Open, Closed, and Non-Degenerate Embedding Dimensions of Neural Codes

TL;DR

This paper characterizes the possible triples of open, closed, and non-degenerate embedding dimensions of neural codes, providing new constructions that demonstrate the range of these dimensions and the first examples where closed embedding exceeds open embedding.

Contribution

It establishes that any triple of embedding dimensions satisfying certain inequalities can be realized by a neural code, and introduces new construction methods using convex set sunflowers and rigid structures.

Findings

Constructed codes for all valid embedding dimension triples.

First examples of codes with larger closed than open embedding dimension.
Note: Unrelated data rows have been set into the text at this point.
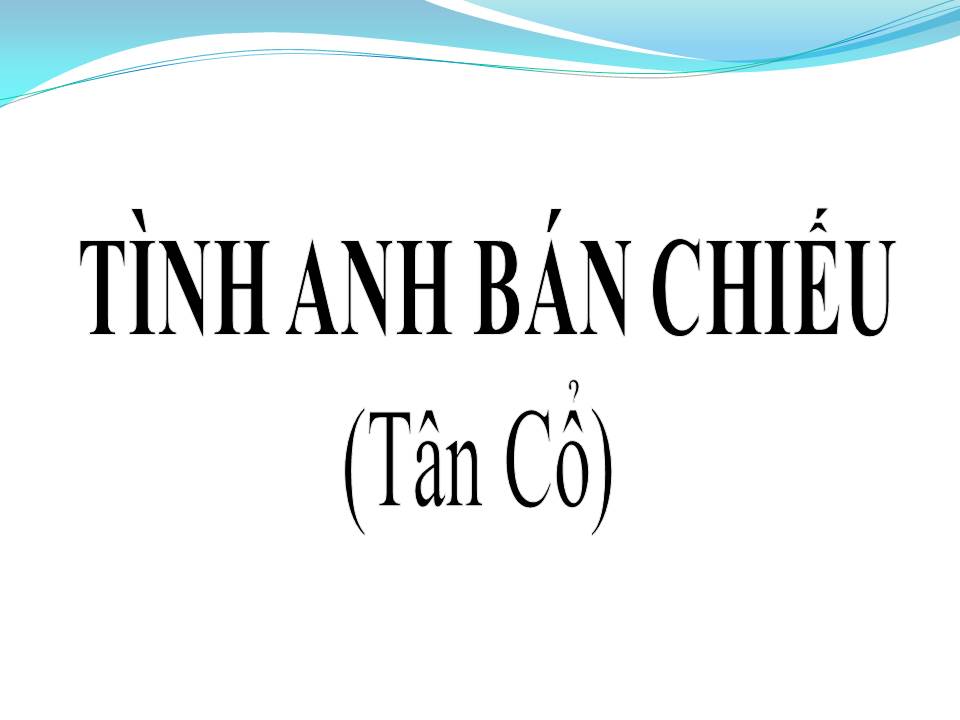 Lời bài hát TÌNH ANH BÁN CHIẾU (TÂN CỔ)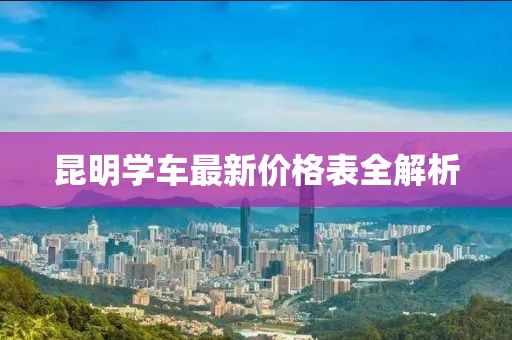 昆明学车最新价格表全解析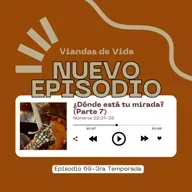 ¿Dónde está tu mirada? (parte 7)-EP69-Números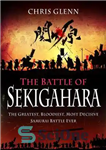 دانلود کتاب The Battle of Sekigahara: The Greatest, Bloodiest, Most Decisive Samurai Battle Ever – نبرد سکیگاهارا: بزرگترین، خونین ترین...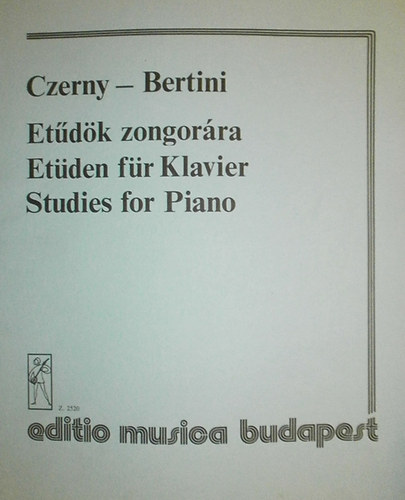 Czerny - Bertini: Etűdök zongorára (Etüden für Klavier - Studies for Piano) antikvár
Provided a complete characterization of feasible embedding dimension triples.

Abstract

We study the open, closed, and non-degenerate embedding dimensions of neural codes, which are the smallest respective dimensions in which one can find a realization of a code consisting of convex sets that are open, closed, or non-degenerate in a sense defined by Cruz, Giusti, Itskov, and Kronholm. For a given code $\mathcal C$ we define the embedding dimension vector to be the triple $(a,b,c)$ consisting of these embedding dimensions. Existing results guarantee that $\max\{a,b\} \le c$, and we show that when any of these dimensions is at least 2 this is the only restriction on such vectors. Specifically, for every triple $(a,b,c)$ with $2\le \min \{a,b\}$ and $\max\{a,b\}\le c$ we construct a code $\mathcal C_{(a,b,c)}$ whose embedding dimension vector is exactly $(a,b,c)$. Our constructions combine two existing tools in the convex neural codes literature: sunflowers of convex open sets, and rigid structures, the latter of which was recently defined in work of Chan, Johnston, Lent, Ruys de Perez, and Shiu. Our constructions provide the first examples of codes whose closed embedding dimension is larger than their open embedding dimension, but still finite.